(Beginning of MATERIAL SUPPLIED)
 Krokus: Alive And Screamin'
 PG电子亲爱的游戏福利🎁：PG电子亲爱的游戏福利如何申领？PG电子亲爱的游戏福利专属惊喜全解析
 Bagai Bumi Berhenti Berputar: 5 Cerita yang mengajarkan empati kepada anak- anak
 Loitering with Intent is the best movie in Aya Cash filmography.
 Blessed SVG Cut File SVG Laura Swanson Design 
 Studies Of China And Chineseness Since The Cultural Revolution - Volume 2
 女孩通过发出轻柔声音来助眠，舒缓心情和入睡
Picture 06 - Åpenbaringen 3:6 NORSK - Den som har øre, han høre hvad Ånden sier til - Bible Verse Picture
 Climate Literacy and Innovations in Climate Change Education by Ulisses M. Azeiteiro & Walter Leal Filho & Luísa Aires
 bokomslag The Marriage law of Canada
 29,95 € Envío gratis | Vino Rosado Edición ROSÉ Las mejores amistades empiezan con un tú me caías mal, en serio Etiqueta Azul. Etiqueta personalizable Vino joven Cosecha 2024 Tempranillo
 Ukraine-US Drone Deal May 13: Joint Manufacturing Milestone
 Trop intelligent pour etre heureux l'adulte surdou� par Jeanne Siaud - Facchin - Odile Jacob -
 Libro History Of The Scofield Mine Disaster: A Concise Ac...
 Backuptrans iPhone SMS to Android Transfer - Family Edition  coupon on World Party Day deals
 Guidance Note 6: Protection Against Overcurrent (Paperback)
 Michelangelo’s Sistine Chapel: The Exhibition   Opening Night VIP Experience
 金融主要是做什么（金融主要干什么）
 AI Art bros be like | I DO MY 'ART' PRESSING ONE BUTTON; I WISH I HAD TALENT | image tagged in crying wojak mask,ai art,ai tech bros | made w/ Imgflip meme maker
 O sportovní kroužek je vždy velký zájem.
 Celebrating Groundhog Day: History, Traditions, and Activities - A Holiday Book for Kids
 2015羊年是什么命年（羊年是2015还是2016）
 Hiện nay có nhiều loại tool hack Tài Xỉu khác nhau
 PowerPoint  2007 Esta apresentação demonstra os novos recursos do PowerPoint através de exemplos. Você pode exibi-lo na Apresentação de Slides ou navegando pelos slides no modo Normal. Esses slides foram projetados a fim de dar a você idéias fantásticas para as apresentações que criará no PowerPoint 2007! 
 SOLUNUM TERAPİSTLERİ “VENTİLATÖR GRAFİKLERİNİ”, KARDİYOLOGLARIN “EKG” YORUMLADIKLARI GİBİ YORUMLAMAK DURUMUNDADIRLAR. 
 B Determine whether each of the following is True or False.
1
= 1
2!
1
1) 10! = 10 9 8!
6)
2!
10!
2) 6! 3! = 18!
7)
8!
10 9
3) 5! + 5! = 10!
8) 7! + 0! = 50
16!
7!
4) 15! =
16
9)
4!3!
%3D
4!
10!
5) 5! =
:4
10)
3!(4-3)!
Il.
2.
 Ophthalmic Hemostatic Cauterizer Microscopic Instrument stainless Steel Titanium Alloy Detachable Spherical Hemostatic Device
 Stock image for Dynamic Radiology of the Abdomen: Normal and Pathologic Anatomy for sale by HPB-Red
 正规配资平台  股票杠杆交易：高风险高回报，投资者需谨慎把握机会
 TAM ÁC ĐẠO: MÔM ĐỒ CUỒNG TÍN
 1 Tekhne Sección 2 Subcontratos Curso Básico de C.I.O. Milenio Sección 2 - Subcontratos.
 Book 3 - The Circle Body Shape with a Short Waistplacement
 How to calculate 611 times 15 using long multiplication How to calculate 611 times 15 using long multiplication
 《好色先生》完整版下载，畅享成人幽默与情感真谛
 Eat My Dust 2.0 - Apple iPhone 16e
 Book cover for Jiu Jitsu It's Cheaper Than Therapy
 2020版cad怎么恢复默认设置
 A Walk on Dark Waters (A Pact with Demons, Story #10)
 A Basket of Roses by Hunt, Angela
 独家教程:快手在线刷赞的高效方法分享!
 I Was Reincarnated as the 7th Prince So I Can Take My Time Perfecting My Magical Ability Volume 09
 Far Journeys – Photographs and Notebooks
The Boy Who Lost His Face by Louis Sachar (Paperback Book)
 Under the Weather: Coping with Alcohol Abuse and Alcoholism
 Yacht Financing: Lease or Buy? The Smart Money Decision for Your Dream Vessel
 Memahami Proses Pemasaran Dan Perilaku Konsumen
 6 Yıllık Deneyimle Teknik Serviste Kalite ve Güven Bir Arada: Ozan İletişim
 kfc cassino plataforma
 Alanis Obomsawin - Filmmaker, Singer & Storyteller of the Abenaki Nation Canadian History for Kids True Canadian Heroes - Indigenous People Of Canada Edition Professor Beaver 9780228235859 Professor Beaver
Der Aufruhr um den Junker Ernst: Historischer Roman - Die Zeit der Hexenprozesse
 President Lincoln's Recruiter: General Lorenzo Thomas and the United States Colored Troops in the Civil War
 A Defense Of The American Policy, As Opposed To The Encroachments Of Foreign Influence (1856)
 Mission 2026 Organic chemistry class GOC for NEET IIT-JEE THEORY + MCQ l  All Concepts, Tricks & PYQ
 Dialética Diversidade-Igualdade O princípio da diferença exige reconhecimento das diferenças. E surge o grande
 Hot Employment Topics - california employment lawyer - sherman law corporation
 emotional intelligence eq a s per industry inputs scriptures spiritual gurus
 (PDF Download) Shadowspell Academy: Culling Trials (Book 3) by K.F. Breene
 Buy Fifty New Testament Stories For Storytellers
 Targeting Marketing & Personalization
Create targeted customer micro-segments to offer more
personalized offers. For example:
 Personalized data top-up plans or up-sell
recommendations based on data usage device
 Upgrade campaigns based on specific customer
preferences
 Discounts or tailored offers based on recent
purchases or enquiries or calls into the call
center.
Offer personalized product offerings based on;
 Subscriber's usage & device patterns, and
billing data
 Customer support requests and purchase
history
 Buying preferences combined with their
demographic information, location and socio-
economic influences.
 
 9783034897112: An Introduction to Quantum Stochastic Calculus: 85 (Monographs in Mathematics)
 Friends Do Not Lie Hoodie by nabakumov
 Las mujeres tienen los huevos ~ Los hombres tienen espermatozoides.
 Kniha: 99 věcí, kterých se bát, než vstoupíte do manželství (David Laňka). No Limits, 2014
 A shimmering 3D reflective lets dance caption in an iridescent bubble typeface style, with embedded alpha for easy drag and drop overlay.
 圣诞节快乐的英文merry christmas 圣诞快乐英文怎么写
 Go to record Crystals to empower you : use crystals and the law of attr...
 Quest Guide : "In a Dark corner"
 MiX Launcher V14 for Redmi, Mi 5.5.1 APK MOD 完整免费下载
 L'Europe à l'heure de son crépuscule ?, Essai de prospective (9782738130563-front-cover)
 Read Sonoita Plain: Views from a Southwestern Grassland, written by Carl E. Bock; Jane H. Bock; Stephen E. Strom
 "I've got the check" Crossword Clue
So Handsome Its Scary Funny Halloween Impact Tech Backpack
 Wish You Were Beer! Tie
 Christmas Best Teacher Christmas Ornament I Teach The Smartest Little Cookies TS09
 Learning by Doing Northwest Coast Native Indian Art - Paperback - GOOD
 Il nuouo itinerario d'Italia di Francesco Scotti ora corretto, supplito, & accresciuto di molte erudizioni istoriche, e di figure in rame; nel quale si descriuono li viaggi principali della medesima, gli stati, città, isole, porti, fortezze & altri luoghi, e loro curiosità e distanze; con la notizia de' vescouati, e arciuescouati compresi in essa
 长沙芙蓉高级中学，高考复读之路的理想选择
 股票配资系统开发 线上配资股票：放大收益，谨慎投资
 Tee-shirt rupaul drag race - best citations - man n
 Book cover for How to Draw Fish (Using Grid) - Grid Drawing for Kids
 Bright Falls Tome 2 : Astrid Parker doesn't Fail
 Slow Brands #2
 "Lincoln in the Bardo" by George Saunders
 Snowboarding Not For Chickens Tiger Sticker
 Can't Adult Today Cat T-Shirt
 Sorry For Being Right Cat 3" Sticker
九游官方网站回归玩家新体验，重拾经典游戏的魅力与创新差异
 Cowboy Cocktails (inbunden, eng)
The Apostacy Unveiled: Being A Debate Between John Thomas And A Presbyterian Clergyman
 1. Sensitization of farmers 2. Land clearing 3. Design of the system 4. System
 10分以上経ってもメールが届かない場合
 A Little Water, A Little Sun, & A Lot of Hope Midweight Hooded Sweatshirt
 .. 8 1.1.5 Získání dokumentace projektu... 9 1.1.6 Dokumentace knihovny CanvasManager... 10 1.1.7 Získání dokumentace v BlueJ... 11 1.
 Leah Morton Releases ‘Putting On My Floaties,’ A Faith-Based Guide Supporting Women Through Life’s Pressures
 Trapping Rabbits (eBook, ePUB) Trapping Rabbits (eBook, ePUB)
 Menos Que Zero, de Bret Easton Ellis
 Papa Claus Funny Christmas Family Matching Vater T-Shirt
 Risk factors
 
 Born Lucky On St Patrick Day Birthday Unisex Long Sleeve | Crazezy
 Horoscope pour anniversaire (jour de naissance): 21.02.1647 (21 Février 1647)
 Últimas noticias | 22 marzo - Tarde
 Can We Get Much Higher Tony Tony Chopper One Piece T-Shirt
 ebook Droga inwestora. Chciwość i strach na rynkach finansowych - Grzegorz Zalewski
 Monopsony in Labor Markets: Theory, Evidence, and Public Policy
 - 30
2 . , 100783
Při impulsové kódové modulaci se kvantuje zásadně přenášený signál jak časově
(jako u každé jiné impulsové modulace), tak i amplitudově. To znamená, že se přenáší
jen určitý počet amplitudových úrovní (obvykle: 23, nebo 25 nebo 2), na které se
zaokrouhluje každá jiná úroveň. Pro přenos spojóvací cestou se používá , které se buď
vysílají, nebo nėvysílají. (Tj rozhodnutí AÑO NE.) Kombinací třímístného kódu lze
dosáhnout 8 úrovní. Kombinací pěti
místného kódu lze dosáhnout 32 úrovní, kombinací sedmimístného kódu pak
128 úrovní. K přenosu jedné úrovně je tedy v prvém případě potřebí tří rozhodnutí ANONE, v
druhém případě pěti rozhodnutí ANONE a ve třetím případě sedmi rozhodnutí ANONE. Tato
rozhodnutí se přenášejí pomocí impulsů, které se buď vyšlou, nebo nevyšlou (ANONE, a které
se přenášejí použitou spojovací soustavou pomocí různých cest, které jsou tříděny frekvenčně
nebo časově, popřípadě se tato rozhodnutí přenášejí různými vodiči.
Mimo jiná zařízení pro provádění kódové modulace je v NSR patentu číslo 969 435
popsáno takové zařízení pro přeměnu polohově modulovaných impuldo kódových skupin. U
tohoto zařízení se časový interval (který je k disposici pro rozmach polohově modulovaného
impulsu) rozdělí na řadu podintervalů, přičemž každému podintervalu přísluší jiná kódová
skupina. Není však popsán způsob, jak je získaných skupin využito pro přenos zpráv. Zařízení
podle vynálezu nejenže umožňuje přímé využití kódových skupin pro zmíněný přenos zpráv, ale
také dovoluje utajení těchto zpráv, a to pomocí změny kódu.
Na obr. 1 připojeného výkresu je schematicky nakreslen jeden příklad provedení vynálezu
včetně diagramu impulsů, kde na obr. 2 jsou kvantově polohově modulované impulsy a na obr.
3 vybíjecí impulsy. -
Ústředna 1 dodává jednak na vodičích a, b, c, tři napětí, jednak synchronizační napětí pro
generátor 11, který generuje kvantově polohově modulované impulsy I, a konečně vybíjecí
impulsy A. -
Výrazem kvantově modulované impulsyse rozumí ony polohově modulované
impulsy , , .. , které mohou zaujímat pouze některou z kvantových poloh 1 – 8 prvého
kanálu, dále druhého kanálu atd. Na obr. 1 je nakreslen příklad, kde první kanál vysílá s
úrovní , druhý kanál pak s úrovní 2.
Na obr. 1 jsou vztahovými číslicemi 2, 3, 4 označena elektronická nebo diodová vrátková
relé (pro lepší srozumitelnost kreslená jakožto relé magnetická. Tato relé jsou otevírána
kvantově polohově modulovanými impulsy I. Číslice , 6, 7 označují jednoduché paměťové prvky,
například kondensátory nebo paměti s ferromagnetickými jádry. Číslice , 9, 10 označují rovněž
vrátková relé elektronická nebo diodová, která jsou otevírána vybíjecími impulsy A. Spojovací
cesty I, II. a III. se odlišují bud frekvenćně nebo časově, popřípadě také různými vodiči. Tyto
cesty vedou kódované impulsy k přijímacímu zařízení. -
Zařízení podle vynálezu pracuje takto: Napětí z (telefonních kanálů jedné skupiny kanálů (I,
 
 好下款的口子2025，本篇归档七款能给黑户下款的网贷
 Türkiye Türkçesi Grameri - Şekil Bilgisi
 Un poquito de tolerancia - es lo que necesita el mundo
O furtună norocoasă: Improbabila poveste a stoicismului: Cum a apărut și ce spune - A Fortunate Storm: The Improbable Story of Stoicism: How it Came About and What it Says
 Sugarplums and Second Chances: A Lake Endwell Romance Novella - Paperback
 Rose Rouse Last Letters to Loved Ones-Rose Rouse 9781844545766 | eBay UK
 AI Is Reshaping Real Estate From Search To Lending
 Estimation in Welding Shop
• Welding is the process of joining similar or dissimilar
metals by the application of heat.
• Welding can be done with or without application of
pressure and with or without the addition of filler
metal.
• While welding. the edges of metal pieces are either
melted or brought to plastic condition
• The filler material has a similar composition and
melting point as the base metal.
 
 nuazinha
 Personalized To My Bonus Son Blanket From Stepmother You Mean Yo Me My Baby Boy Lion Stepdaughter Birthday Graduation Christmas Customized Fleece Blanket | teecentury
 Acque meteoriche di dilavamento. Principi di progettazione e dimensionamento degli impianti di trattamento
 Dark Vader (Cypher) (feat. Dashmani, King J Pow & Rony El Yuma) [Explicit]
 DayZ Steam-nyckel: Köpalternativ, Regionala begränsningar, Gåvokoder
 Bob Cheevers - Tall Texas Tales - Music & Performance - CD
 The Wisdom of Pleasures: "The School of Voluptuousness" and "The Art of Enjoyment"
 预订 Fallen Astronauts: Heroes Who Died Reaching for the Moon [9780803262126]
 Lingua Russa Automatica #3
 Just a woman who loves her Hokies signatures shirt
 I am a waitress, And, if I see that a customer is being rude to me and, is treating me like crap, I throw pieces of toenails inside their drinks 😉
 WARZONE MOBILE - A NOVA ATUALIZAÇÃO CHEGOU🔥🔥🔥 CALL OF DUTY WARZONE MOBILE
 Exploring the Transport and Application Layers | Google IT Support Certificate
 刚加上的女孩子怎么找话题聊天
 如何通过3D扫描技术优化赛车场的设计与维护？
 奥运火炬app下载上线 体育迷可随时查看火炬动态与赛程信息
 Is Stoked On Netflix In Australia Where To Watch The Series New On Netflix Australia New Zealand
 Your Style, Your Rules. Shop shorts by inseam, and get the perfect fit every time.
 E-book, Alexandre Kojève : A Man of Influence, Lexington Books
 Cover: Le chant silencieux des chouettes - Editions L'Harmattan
(End of MATERIAL SUPPLIED)
*WHAT IS EXPECTED*
Of the entries above, repeat exactly the lines between the line with "Alanis Obomsawin - Filmmaker, Singer" and the line with "Mission 2026 Organic", inclusive, and no others.

*OUTPUT FOR THIS TASK*
 Alanis Obomsawin - Filmmaker, Singer & Storyteller of the Abenaki Nation Canadian History for Kids True Canadian Heroes - Indigenous People Of Canada Edition Professor Beaver 9780228235859 Professor Beaver
Der Aufruhr um den Junker Ernst: Historischer Roman - Die Zeit der Hexenprozesse
 President Lincoln's Recruiter: General Lorenzo Thomas and the United States Colored Troops in the Civil War
 A Defense Of The American Policy, As Opposed To The Encroachments Of Foreign Influence (1856)
 Mission 2026 Organic chemistry class GOC for NEET IIT-JEE THEORY + MCQ l  All Concepts, Tricks & PYQ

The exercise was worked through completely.